His entire life has been the stuff of American dreams: a non-West Pointer who rises to chairman of the JCS, the first black to become national-security adviser. Born in 1937 to Jamaican immigrants in Harlem, Powell’s early love was the military. After graduating from City College of New York he headed straight to Fort Benning, Ga., as an Army second lieutenant. He emerged from two tours of duty in Vietnam with a Purple Heart, a Bronze Star and the Soldiers Medal for valor–as well as a philosophical outlook on the uses of military might.

“Colin is shaped by the anger that grew out of our commitment of force without sufficient authority to us it all,” said his former boss John Wickham, onetime chief of staff of the Army. “People fought and died bravely, but the results were a cipher.” Vietnam sensitized Powell to a new political reality: the only way to win a war is to launch a massive, no-quarter attack right away, while you still have the nation’s support.

His political sensibilities were forged early, as he moved in and out of Pentagon and civilian desk assignments. At 35, Powell was named a White House fellow. Assigned to the Office of Management and Budget under Richard Nixon, he became the protege of Caspar Weinberger and Frank Carlucci. It was Carlucci who, 14 years later, urged Ronald Reagan to call Powell and persuade him to give up the coveted command the V Corps in West Germany to become deputy national-security adviser.

The National Security Council he and Carlucci inherited was tainted by the Iran-contra scandal. They rebuilt its reputation, convincing President Reagan to give up on military aid to the contras and putting out feelers to explore summit meetings with Mikhail Gorbachev. Toward the end of his tenure at the NSC, Powell considered quitting the Army, according to his cousin Bruce Llewellyn, the CEO of the Philadelphia Coca-Cola Bottling Co. “He said some guy had offered him a package to make 50 speeches at $20,000 a speech.” recalled Llewellyn, who tried to convince Powell it wasn’t such a great deal. “I said, “Colin, look, your real ambition in life is to be the chief of staff of the U.S. Army’.”

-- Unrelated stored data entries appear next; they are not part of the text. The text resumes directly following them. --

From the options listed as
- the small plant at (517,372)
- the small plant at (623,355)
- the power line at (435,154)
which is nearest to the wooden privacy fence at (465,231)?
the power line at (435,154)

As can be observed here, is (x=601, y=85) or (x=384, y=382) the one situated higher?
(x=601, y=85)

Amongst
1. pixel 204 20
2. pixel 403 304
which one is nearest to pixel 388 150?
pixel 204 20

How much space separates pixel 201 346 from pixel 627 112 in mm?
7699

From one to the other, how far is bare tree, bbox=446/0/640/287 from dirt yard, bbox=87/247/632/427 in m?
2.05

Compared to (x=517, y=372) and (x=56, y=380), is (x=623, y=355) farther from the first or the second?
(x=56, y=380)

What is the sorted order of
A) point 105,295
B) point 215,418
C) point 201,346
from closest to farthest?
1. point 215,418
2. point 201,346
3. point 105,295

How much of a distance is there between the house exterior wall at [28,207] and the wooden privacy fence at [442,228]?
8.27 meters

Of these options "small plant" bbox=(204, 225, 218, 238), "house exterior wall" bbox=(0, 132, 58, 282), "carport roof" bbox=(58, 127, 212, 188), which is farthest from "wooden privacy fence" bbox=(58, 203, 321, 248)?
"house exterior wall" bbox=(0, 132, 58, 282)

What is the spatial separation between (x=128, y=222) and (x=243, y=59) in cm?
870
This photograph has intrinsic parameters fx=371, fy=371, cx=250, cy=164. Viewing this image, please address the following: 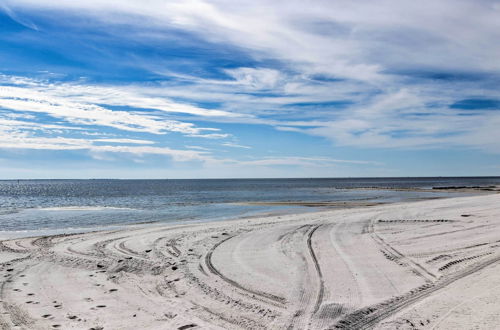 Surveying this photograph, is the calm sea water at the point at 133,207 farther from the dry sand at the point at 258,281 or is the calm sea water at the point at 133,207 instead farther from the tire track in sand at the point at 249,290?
the tire track in sand at the point at 249,290

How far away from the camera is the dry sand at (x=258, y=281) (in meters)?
6.88

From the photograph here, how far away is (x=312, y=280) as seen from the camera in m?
9.35

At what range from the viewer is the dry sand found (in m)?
6.88

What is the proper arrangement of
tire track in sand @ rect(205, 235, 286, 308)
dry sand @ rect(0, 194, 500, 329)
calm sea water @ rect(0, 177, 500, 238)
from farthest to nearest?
calm sea water @ rect(0, 177, 500, 238) < tire track in sand @ rect(205, 235, 286, 308) < dry sand @ rect(0, 194, 500, 329)

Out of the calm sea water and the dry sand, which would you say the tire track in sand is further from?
the calm sea water

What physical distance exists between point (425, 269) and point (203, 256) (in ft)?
22.4

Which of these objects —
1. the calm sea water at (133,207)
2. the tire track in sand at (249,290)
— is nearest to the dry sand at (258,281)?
the tire track in sand at (249,290)

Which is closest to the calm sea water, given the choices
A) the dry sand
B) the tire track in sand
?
the dry sand

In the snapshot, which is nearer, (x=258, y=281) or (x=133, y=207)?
(x=258, y=281)

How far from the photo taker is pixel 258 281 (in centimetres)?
942

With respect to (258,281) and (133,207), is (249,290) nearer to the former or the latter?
(258,281)

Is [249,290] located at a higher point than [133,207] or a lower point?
higher

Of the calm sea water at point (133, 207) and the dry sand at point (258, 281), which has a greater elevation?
the dry sand at point (258, 281)

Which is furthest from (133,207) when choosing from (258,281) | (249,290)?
(249,290) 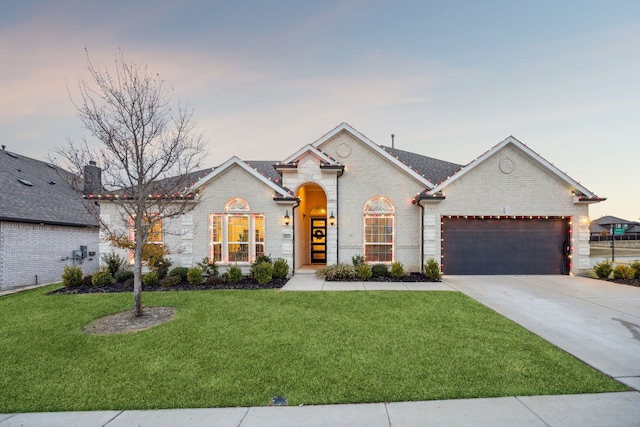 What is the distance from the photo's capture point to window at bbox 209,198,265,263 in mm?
13000

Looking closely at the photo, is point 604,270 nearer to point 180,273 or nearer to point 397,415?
point 397,415

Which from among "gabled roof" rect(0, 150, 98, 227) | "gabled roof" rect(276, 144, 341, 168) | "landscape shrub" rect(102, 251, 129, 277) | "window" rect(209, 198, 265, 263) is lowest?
"landscape shrub" rect(102, 251, 129, 277)

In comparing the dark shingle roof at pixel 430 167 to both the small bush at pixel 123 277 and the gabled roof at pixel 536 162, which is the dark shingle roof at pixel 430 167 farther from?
the small bush at pixel 123 277

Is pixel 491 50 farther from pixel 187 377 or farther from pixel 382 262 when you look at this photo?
pixel 187 377

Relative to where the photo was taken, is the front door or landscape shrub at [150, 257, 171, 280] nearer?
landscape shrub at [150, 257, 171, 280]

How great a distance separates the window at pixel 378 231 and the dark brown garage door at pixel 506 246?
8.25 feet

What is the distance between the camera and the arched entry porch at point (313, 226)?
1608cm

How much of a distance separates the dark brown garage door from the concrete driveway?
2.14 feet

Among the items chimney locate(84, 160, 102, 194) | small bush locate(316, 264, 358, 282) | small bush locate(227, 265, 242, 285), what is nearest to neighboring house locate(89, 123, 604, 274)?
chimney locate(84, 160, 102, 194)

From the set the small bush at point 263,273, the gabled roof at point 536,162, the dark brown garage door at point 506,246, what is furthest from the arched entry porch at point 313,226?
the dark brown garage door at point 506,246

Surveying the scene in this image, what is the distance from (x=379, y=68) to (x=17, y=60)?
61.2 ft

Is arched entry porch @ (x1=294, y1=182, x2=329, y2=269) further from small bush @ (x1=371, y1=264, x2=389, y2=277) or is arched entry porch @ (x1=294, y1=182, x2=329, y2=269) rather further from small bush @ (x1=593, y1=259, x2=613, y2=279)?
small bush @ (x1=593, y1=259, x2=613, y2=279)

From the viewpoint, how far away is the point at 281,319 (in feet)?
23.2

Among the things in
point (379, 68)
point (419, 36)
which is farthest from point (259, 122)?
point (419, 36) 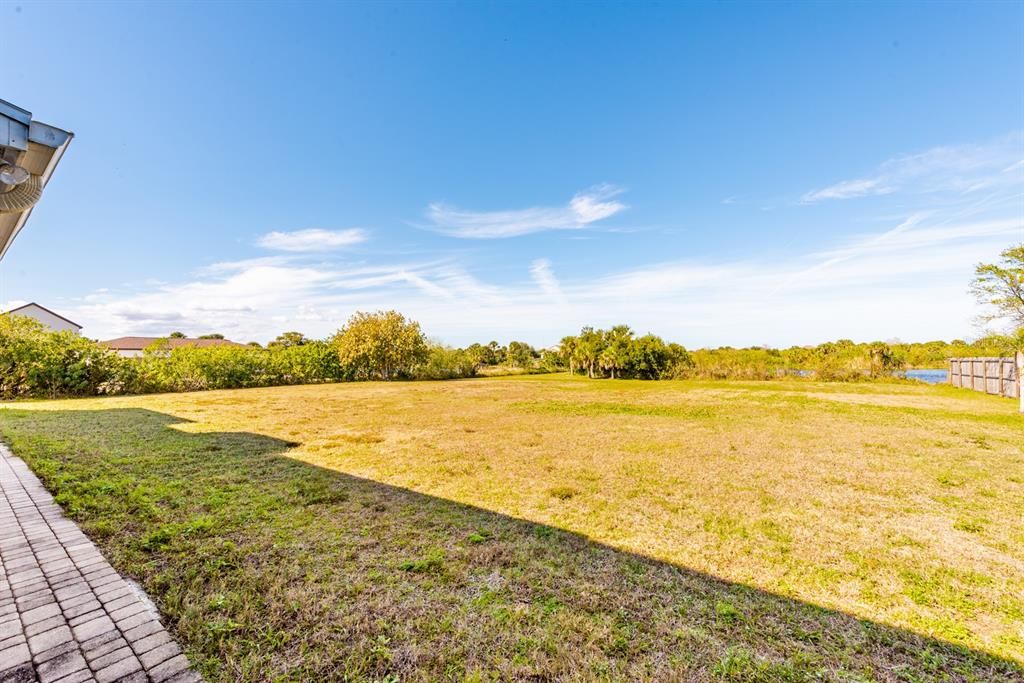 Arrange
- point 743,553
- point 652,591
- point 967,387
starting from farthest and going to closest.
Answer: point 967,387
point 743,553
point 652,591

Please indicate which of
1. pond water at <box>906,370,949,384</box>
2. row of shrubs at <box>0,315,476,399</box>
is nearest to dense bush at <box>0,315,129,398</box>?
row of shrubs at <box>0,315,476,399</box>

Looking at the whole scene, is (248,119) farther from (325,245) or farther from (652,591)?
(652,591)

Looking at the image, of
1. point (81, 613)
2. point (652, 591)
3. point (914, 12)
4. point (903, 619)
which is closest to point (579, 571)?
point (652, 591)

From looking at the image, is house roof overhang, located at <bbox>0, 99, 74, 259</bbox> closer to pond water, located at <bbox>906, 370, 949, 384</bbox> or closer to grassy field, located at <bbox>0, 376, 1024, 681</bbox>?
grassy field, located at <bbox>0, 376, 1024, 681</bbox>

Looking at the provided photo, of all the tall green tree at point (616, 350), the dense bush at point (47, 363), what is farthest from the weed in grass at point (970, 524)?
the tall green tree at point (616, 350)

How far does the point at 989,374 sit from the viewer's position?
13.3 m

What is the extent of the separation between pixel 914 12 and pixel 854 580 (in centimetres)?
1164

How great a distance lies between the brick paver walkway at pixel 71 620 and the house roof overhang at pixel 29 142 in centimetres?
225

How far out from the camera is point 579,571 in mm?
2531

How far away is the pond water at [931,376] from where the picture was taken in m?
17.3

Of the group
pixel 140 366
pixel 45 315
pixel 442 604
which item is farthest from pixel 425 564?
pixel 45 315

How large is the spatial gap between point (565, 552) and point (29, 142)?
4074mm

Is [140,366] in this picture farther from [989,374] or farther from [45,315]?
[45,315]

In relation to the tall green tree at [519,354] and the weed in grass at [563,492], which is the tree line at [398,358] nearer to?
the tall green tree at [519,354] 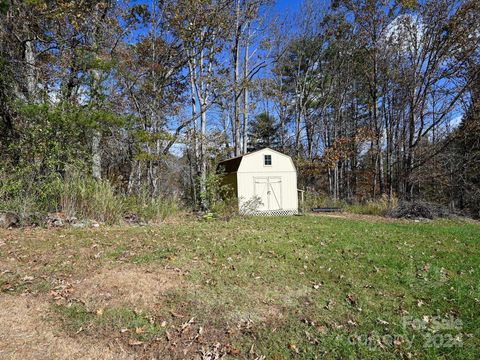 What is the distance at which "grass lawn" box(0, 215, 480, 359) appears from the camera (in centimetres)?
253

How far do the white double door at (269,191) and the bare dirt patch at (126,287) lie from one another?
841cm

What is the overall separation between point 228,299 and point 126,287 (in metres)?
1.15

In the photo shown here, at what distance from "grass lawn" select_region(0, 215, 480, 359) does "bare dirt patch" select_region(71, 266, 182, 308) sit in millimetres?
18

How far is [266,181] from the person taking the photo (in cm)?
1224

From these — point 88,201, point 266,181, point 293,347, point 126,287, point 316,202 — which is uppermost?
point 266,181

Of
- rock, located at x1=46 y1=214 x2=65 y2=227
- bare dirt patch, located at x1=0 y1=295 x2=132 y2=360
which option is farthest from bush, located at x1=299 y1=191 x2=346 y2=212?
bare dirt patch, located at x1=0 y1=295 x2=132 y2=360

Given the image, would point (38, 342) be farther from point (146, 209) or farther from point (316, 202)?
point (316, 202)

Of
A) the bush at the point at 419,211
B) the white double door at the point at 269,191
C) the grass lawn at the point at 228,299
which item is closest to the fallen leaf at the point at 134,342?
the grass lawn at the point at 228,299

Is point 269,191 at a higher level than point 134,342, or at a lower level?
higher

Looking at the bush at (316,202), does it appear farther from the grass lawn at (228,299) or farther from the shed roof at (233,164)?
the grass lawn at (228,299)

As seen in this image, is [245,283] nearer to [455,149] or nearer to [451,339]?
[451,339]

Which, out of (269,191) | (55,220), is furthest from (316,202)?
(55,220)

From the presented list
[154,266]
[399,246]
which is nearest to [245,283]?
[154,266]

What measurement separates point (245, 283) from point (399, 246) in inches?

Powell became JCS chairman just in time to confront the biggest military challenge of his career. After a failed coup attempt to oust Manuel Noriega caught the Bush administration by surprise, Powell was directed to plan a U.S. invasion of Panama. Operation Just Cause unfolded true to his form chart. “Out of that experience there grew enormous respect for Colin’s judgment,” said a senior White House official.

That judgment wasn’t infallible. In the early days of Desert Shield, Marines were privately dismayed that he hadn’t allowed them to deploy their heavily armored units at the same time the lightly armored 82nd Airborne landed in Saudi Arabia. Later he took heat in the press from William J. Taylor, an old war-college instructor, who complained the military lacked an overall crisis strategy. (Powell replied via one of Taylor’s grad students: “Tell Taylor I want to kick him in the balls.”) But by the end of the war, Powell was remembered for a brilliantly planned air and ground attack, a “unified campaign” which, he kept saying, would shorten the war.

In the wake of his triumph, he met a different enemy: persistent rumors of his replacing Dan Quayle as Bush’s running mate next year. “This is speculation that exists in the minds of people who have to write columns,” he fumed recently, not long after asking for another two-year term as JCS chairman to complete the post-cold-war reorganizing of the armed forces. But no one–least of all politicians–could resist co-opting him. A family man who guards his privacy, Powell would sooner have ducked the public eye and worked at his favorite hobby, overhauling used Volvos. “I don’t control my life anymore,” he complained to a colleague. Nor is he likely to any time soon. Like all American heroes, willing or not, Powell passed into the hands of a public that just wouldn’t let him go.